EXERCISE PROMPT →
Begin at the line containing "Moradia familiar tradicional" in the entries below and end at the line containing "Apartament cu 3"; transcribe that range exactly and nothing outside it.

-=-=-=-=-

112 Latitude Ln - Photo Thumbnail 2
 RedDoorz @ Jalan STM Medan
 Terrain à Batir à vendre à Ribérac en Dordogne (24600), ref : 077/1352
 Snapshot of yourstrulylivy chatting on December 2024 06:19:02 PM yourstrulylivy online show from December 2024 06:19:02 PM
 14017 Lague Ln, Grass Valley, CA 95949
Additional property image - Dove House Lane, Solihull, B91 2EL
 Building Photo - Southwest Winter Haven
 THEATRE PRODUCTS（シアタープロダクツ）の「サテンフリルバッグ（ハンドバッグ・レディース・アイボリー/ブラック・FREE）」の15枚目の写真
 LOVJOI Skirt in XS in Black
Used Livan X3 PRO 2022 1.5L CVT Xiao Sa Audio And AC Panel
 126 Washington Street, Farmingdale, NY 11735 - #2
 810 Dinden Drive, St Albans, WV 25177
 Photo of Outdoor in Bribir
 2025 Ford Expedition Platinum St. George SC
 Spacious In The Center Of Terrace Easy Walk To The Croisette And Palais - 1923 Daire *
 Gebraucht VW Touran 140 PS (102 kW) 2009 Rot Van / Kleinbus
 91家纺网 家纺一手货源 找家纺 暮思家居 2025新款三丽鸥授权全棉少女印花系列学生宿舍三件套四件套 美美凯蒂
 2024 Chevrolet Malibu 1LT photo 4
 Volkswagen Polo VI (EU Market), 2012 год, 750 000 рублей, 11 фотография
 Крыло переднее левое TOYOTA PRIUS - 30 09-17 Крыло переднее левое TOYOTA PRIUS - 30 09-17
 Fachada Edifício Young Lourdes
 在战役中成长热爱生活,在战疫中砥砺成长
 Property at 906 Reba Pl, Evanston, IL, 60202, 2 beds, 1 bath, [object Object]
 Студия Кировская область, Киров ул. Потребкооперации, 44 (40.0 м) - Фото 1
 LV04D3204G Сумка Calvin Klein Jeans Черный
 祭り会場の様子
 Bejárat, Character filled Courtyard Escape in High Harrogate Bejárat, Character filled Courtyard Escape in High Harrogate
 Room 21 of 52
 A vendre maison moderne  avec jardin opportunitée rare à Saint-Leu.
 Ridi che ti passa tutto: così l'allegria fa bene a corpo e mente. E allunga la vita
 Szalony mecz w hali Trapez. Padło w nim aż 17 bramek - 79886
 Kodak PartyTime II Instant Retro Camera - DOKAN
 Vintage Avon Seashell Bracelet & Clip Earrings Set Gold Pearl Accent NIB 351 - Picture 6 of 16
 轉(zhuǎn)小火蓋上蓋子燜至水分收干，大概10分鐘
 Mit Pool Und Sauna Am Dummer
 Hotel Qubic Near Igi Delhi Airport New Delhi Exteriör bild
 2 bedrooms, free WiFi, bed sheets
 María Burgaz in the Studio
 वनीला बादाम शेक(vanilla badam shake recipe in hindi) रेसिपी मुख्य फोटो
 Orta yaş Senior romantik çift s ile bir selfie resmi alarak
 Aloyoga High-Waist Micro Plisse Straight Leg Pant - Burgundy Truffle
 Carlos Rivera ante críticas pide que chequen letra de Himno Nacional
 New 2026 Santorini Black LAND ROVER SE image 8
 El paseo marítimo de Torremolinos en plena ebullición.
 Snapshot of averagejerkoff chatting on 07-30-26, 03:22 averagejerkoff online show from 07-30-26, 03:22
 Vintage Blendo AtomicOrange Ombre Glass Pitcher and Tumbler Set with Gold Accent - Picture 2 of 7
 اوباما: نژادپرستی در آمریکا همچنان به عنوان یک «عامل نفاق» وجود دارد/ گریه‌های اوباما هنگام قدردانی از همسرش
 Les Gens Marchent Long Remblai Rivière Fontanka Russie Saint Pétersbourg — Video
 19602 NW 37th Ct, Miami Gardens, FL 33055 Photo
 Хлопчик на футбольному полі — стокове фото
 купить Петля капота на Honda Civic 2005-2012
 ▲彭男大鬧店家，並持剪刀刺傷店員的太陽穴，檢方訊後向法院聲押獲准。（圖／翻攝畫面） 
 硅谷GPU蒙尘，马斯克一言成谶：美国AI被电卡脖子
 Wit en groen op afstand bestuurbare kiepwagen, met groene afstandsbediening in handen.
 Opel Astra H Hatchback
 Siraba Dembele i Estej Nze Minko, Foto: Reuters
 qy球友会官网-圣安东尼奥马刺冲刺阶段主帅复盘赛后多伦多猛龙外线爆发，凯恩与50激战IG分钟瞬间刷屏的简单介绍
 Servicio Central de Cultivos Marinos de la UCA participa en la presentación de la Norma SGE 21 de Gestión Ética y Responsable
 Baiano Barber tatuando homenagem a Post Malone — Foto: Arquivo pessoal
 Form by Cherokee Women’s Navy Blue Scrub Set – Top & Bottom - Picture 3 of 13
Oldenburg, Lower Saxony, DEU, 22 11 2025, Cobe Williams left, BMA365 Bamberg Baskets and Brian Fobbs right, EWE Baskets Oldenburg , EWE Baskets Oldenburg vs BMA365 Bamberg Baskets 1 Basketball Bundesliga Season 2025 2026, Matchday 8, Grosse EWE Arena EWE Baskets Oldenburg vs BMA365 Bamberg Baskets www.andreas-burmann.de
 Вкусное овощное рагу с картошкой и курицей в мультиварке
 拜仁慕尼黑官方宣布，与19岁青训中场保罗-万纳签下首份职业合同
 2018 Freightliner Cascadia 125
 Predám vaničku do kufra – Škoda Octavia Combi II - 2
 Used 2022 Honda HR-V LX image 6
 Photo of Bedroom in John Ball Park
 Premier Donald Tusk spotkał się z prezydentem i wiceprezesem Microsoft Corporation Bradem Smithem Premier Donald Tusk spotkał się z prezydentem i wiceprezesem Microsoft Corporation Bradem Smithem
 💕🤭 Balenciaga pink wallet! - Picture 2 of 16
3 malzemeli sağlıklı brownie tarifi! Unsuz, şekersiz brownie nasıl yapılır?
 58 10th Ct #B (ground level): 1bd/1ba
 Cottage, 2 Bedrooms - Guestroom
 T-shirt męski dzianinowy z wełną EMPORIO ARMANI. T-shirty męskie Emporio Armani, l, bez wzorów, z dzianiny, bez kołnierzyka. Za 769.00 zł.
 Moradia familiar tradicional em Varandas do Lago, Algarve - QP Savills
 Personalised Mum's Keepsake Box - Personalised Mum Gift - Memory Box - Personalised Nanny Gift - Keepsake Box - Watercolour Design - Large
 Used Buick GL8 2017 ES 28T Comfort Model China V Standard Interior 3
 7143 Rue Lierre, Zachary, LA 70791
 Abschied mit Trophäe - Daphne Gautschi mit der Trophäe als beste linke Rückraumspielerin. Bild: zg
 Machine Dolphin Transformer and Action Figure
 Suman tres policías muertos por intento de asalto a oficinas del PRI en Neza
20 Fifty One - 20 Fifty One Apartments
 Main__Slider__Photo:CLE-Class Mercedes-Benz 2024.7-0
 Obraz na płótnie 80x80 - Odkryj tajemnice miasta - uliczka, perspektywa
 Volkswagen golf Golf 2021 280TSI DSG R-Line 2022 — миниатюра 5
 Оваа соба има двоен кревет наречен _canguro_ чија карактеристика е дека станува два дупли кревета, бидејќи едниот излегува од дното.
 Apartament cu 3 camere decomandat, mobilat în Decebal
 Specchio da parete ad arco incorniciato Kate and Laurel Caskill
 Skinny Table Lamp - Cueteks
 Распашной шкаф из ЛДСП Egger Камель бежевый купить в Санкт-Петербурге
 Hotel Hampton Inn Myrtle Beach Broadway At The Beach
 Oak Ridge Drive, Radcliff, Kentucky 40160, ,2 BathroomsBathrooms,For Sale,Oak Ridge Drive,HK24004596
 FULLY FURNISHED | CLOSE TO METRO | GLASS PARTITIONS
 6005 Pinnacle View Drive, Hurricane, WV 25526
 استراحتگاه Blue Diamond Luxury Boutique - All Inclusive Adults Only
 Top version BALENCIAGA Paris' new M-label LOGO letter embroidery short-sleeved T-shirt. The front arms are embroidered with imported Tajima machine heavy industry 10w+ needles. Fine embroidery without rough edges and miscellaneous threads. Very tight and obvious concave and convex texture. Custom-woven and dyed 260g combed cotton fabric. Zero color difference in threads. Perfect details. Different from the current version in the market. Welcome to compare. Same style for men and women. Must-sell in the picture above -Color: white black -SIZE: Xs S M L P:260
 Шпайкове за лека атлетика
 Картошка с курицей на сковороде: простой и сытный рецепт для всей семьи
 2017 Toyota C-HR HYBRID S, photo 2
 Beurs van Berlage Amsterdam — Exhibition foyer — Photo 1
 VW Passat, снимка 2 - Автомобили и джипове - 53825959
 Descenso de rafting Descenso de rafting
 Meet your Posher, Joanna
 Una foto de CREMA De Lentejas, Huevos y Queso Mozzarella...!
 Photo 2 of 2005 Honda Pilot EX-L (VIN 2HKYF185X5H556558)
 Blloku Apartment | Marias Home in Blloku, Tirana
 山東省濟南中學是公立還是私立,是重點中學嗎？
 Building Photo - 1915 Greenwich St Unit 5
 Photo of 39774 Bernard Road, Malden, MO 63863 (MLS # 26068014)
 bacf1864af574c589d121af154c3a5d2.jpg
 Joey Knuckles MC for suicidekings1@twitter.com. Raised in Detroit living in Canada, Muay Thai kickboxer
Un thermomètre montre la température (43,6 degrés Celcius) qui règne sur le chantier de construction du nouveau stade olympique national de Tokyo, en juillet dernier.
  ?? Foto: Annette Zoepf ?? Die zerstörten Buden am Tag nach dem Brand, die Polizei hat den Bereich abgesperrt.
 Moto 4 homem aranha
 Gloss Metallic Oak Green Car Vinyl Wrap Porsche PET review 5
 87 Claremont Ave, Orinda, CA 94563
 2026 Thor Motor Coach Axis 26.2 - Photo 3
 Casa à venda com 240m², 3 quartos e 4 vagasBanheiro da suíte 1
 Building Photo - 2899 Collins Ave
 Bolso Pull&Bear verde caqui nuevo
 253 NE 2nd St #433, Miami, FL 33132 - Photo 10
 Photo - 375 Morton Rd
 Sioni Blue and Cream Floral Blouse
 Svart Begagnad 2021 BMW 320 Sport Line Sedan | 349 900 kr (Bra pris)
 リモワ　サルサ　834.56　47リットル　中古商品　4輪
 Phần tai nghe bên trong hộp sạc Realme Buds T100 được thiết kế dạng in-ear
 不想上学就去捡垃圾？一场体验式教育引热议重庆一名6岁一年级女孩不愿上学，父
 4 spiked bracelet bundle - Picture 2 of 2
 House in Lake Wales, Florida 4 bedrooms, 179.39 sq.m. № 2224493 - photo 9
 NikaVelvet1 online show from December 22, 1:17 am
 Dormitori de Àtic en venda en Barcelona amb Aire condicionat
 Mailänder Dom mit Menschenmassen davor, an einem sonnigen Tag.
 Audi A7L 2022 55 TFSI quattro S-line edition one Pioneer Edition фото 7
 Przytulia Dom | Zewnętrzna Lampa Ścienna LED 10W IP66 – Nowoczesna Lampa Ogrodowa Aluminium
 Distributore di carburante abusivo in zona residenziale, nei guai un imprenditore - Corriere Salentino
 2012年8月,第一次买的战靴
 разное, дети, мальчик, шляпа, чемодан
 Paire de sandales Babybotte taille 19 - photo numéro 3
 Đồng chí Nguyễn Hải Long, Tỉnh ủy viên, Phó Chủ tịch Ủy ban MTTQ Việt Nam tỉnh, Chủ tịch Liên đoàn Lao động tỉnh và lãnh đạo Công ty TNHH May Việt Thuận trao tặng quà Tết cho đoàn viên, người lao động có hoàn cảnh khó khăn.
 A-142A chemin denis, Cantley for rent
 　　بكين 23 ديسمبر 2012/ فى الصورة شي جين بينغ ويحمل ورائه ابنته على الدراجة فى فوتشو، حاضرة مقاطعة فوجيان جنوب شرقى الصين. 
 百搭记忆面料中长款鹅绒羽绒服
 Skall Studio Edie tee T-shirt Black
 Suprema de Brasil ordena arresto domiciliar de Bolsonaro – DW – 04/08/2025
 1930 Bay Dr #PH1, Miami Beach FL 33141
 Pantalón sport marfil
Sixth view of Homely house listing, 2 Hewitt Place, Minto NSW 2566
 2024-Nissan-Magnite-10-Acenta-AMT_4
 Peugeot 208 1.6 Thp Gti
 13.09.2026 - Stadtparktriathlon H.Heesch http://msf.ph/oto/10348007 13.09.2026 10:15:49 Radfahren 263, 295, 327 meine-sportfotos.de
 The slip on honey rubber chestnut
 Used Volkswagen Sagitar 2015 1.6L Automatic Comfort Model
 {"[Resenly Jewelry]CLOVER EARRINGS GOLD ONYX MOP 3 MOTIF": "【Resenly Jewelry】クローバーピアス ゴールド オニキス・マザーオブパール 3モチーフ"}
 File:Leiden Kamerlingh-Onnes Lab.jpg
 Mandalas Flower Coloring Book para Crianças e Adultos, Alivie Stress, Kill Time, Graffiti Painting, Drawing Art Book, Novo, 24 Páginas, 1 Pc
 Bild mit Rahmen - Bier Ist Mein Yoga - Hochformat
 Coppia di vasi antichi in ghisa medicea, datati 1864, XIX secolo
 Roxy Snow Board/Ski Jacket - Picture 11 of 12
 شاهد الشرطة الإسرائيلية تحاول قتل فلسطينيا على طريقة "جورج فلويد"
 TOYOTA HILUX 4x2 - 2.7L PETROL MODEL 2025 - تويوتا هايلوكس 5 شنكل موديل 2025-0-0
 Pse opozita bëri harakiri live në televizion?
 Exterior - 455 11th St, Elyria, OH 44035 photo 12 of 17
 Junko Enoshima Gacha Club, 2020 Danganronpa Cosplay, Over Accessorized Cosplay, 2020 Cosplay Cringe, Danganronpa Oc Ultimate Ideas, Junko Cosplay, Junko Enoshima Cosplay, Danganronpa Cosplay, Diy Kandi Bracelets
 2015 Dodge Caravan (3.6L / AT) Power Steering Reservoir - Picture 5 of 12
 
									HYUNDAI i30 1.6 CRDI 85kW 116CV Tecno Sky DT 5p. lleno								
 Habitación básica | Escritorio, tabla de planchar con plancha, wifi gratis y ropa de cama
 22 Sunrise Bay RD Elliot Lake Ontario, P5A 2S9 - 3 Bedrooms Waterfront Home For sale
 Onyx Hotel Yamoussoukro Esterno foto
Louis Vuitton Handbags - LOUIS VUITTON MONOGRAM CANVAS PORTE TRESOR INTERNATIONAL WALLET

-=-=-=-=-

TASK OUTPUT →
 Moradia familiar tradicional em Varandas do Lago, Algarve - QP Savills
 Personalised Mum's Keepsake Box - Personalised Mum Gift - Memory Box - Personalised Nanny Gift - Keepsake Box - Watercolour Design - Large
 Used Buick GL8 2017 ES 28T Comfort Model China V Standard Interior 3
 7143 Rue Lierre, Zachary, LA 70791
 Abschied mit Trophäe - Daphne Gautschi mit der Trophäe als beste linke Rückraumspielerin. Bild: zg
 Machine Dolphin Transformer and Action Figure
 Suman tres policías muertos por intento de asalto a oficinas del PRI en Neza
20 Fifty One - 20 Fifty One Apartments
 Main__Slider__Photo:CLE-Class Mercedes-Benz 2024.7-0
 Obraz na płótnie 80x80 - Odkryj tajemnice miasta - uliczka, perspektywa
 Volkswagen golf Golf 2021 280TSI DSG R-Line 2022 — миниатюра 5
 Оваа соба има двоен кревет наречен _canguro_ чија карактеристика е дека станува два дупли кревета, бидејќи едниот излегува од дното.
 Apartament cu 3 camere decomandat, mobilat în Decebal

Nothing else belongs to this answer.